MAY - 2012 ISSUE

  The Terrorism That Wasn’t
  Disproportionate resources are being expended on counter terrorism operations
After 9/11, many of us worried that terrorism would escalate, transforming our world into a bloody clash of civilisations. Experts warned of an epidemic of violence. Bruce Hoffman, a leading scholar of terrorism, warned that al Qaeda is ‘on the march.’ Bernard Lewis, a senior scholar of Islam, warned that ‘the suicide bomber and other kinds of terrorists have become role models, eagerly followed by growing numbers of frustrated and angry young men and women.’ A cover story in The New York Times Magazine warned that Islamic terrorism had gone ‘viral.’
Al Qaeda fanned fears with repeated threats. “I promise you that the Islamic youth are preparing for you what will fill your hearts with horror,” Ayman Zawahiri swore in 2002. In 2003, he stated: “What you saw with your eyes so far are only the first tactics we are using. The real battle hasn’t started yet.” In 2004: “The Islamic nation, which sent you the New York and Washington brigades, has taken a firm decision to send you successive brigades to sow death and aspire to paradise.”

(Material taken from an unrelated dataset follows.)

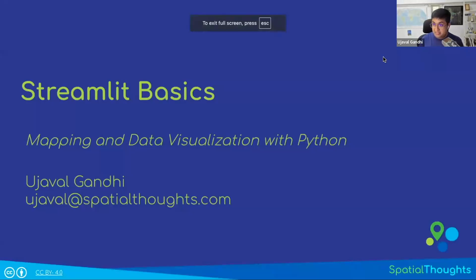Let's learn about Streamlit. Streamlit is a really popular library to build dashboards and apps using Python.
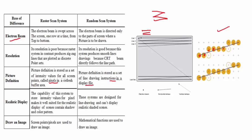It uses the pixel for realistic display of the scenes containing shadow and all that, but random scan does not use that. To draw an image, the screen points or pixels are used in raster scan and mathematical functions are used in random scan.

A decade after 9/11, to our great good fortune, these dire predictions have not materialised.

Al Qaeda and its affiliates continue to carry out attacks, but not nearly so many as the world feared. And most of those attacks have been concentrated in three civil war zones — Afghanistan, Iraq, and Pakistan. Outside of these three countries, the annual death toll from terrorism has been lower since 9/11 than in the years before 9/11, according to the Global Terrorism Database at the University of Maryland. That source and data from the US National Counter-terrorism Center both calculate that global fatalities from terrorism have fallen by half since 2007.